Takashi Amano ist unser aller Hausheiliger, der Vater der Bewegung, wenn man so will. Er gehört zu meiner Frühprägung so wie niemand sonst im Hobby. Ich bin nach wie vor beeindruckt von der Qualität, Akribie und Leidenschaft, die bis heute in Niigata zu Hause ist. Definitiv ein Sehnsuchtsort für mich, aber für wen denn auch nicht? Die Szene rund um das Aquascaping ist mittlerweile so international und vielfältig, dass es an Vorbildern im Hobby wahrlich nicht mangelt. Fast müßig, sie alle aufzuzählen. Aber vor allem sind es immer wieder einzelne Arbeiten anderer Aquascaper*innen, die mir ins Auge fallen, mich beeindrucken und damit ganz sicher auch inspirieren.
Ich finde aber auch, dass sich das Niveau der Spitzenklasse über die letzten Jahre nochmals enorm gesteigert hat, fast etwas einschüchternd. Manchmal wird selbst mir das zu viel und ich sehne mich nach ein wenig Abkühlung auf dem Gipfel des Olymp - letztlich also etwas weniger Modellbau, dafür etwas mehr Natur. Ich verstehe aber, dass die, die es können, stetig auf der Suche nach neuen Herausforderungen sind. Und das wiederum erhält uns irdischen Hobbyisten die Spannung beim Zusehen."
AS: "Ich kenne dich vor allem als Aquascaper, der mit Begeisterung an Live-Aquascaping Contests teilnimmt, z.B. beim ENAC auf der Aqua Expo Messe. Was macht dir an solchen Events den besonderen Reiz aus?"
TD: "Man wird im Austausch schlicht besser. Man geht mit neuen Bildern im Kopf aus solchen Wettbewerben. Der Horizont wird weiter, und die persönlichen Ansprüche wachsen. Aber vor allem: ein Wettbewerb, besonders ein Live-Contest, lehrt dich Demut! Man kommt mit großem Schöpferstolz aus dem Hobbykeller und erwartet, dass einem die Welt zu Füßen liegt. Tut sie aber nicht. Wenn es gut läuft, sind auf solchen Messen und Veranstaltungen immer Leute, die es so unendlich viel besser können als du. Und dann beginnt das Lernen. Inspiration, Ansporn und all die Tipps und Tricks aus erster Hand gibt’s frei Haus. Die Community im Aquascaping ist extrem dynamisch, sehr international, aber vor allem ist sie eines: offen … und sie ist hilfsbereit!

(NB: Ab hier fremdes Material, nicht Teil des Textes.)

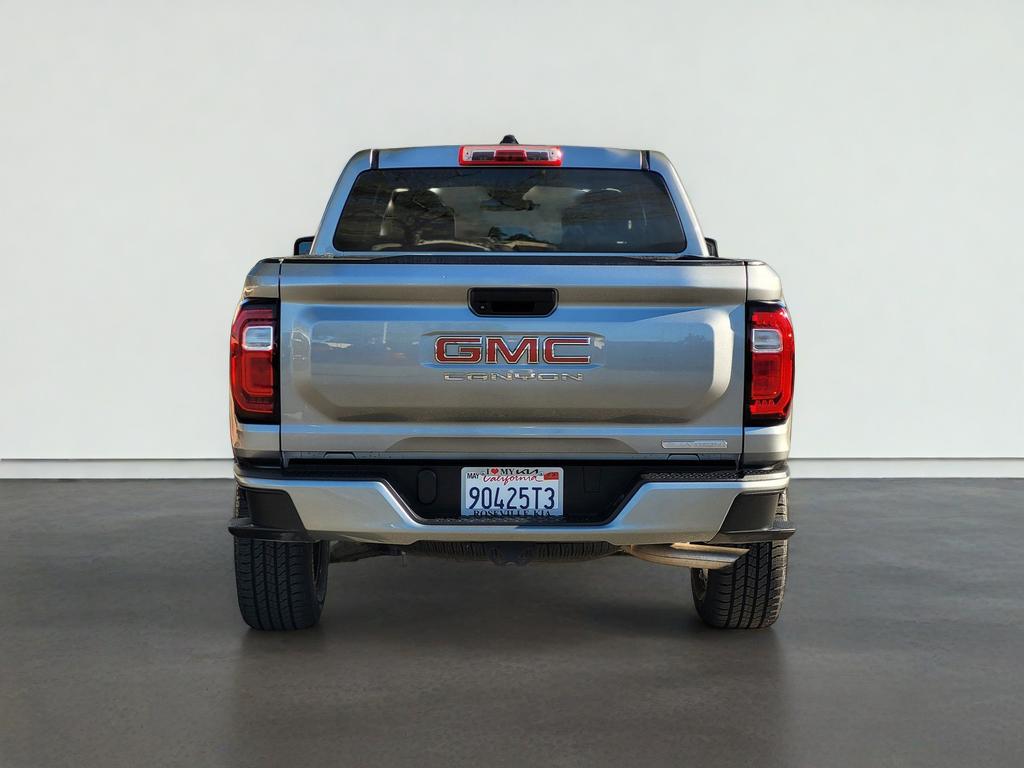 2023 GMC CANYON 2WD ELEVATION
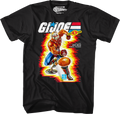 Box Art Big Boa GI Joe T-Shirts, Hoodie, Sweatshirt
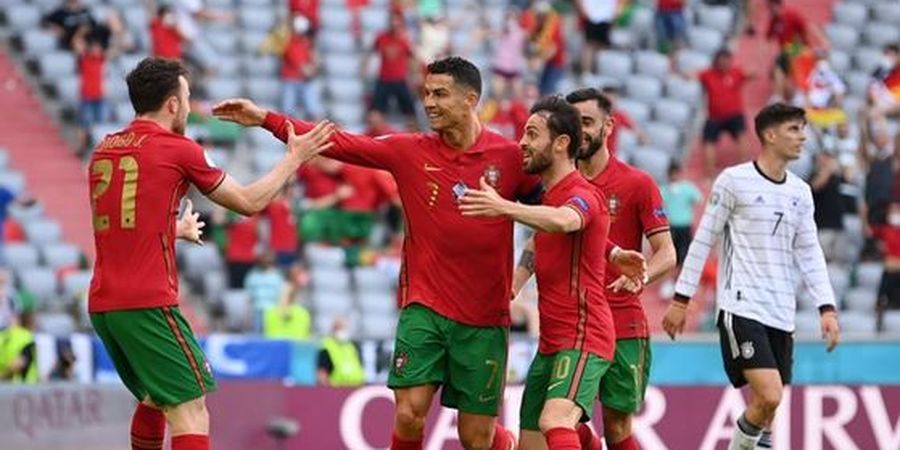 Prakiraan Formasi Portugal vs Prancis - Selecao Andalkan Kuartet Penyerang, Les Bleus Minus 1 Pemain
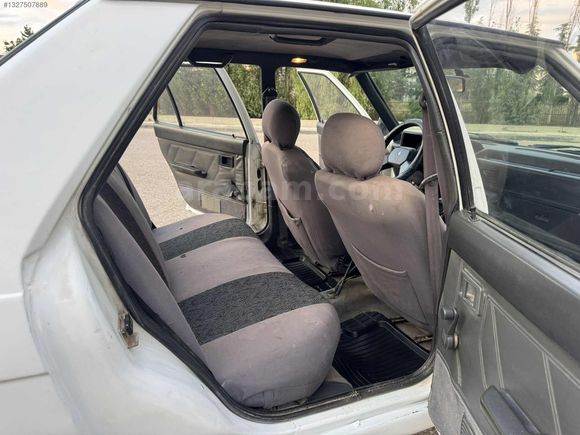 1997 RENAULT 9 1.4 BRODWAY DEĞİŞENSİZ SORUNSUZ!!!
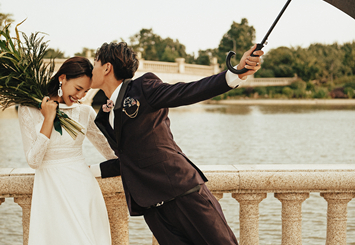 蒋先生 & 胡小姐 婚纱照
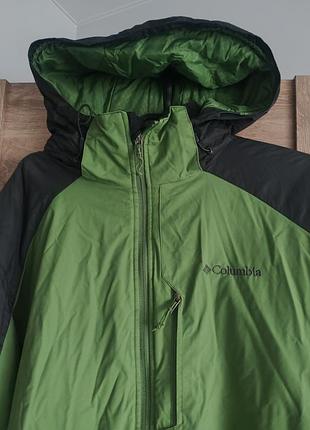 Оригинальная куртка columbia 3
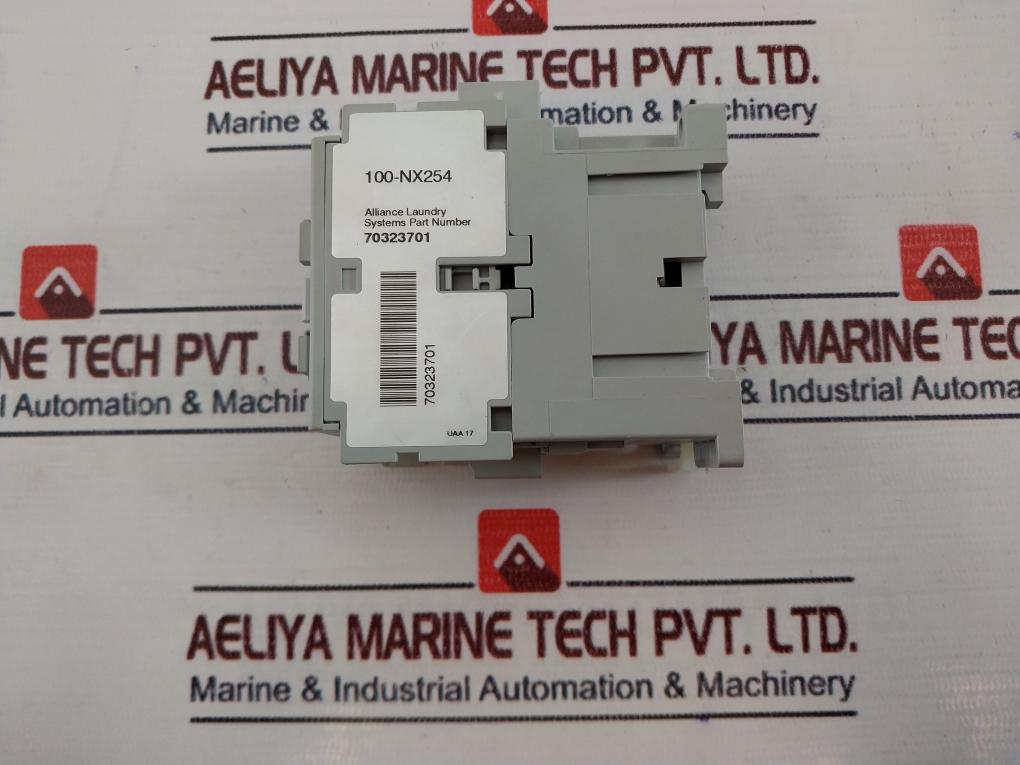 Allen-bradley 100-c16*10 Contactor 70323701 24V 50/60 Hz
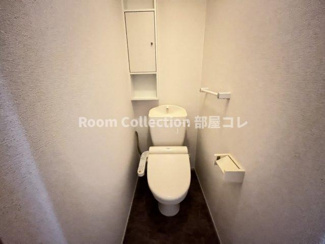 【トイレ】 | エレガンシアレジデンス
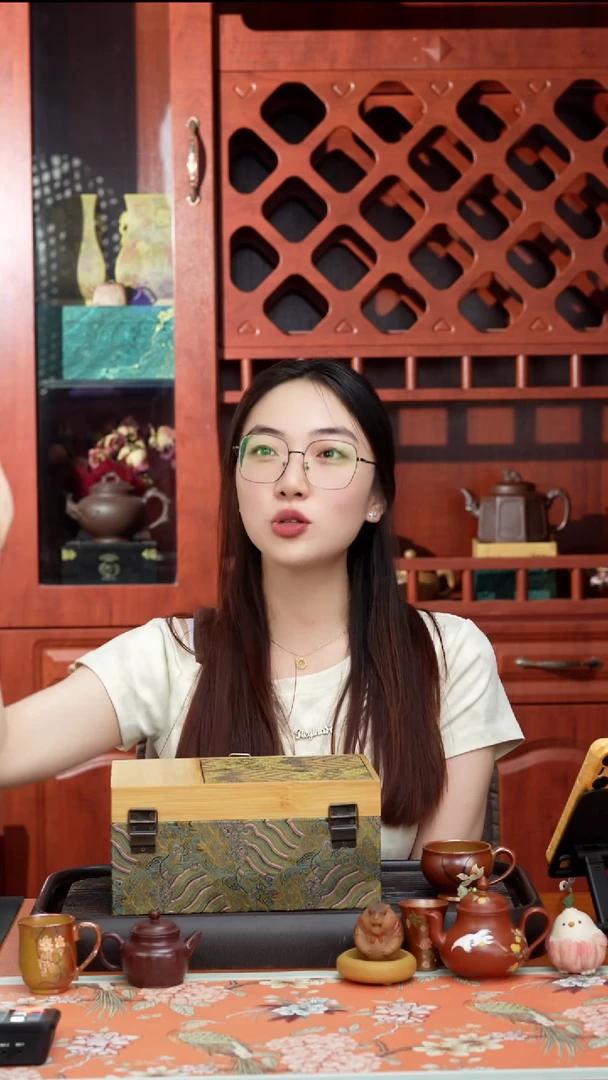 茶壶紫砂月光宝盒E003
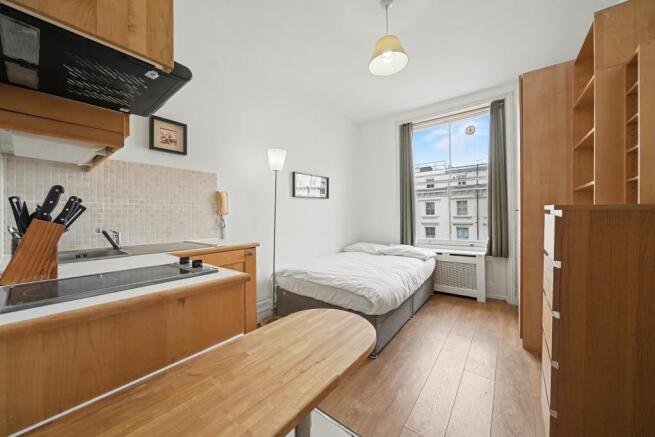 Kitchen / Bedroom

Die Vernetzung im Hobby ist global und viel weitläufiger, als man es eventuell von außen wahrnimmt. Social Media in allen Facetten, insbesondere aber Instagram, befeuern das Hobby extrem. Es wird auf allen Kanälen getextet und gechattet. Trotzdem oder gerade deshalb hat das persönliche Treffen einen besonderen Reiz, eine andere Atmosphäre. Solche Veranstaltungen sind in Wahrheit eher Klassentreffen und Kontaktbörsen, quasi Jahreshauptversammlungen der Aquascaping-Gilde. Und selbst wenn du noch niemanden kennst, noch neu im Hobby bist, die Leute vor Ort sind ansprechbar, sie helfen gerne und freuen sich, wenn du sie ansprichst.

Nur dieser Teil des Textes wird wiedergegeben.